1704(宝永元)年、綱吉の兄綱重の子で、甲府藩主徳川綱豊は、綱吉の養子として江戸城西の丸に入り、名を家宣と改めました。この時、家宣は43歳でした。
この頃、貨幣改鋳により品質の悪い金銀貨が出回り、物価は高騰し、金・銀座人や両替商と、彼らと結託した役人が私腹を肥やしていました。これに反し、武士や庶民の生活は困窮し、生類憐みの令により、獄中には罪人があふれかえりました。

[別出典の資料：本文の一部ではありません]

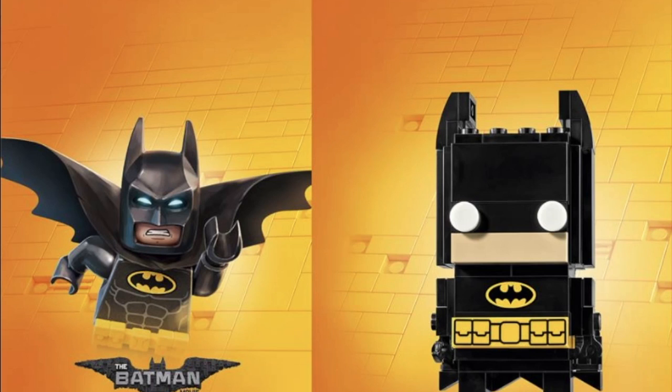There's a 1x4 brick that has his logo, the suit logo on it, and then a 1x4 tile that has his utility belt. But basically everything except his mouth, for the skin tone, is all just black. On the back you can see a little bit of the cape, which is very nice — it might be on some hinges so you can actually move it around a little bit.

1707(宝永4)年には、富士山中腹が噴火し、宝永山ができました。この噴火で火山灰が空を覆い、昼間でも暗く、広く降灰しました。この灰の除去のための資金を、幕府は幕府・大名領に賦課しました。しかし、勘定奉行荻原重秀は、その一部を除去に使いましたが、残りの大半は不明金となりました。
1708(宝永5)年には、品質の悪い銅貨を鋳造し、従来通りの価値で流通させ、庶民の生活は混乱しました。
1709(宝永6)年、綱吉は病死し、家宣が6代目将軍に就きました。葬儀の前には生類憐れみの令の廃止が公示されました。間もなく新たな銅貨の流通は停止されました。
老中・若年寄が集められ、柳沢吉保に相談するようになっていましたが、今後直接家宣に言上するように命じました。将軍宣下の儀式が行われますと、柳沢吉保は隠退しました。また綱吉側近の者達も元の所属に戻されました。

この後、側近政治の中心になったのが、側用人として老中格を与えられた間部詮房(まなべあきふさ)と、詮房の相談役になった学者の新井白石でした。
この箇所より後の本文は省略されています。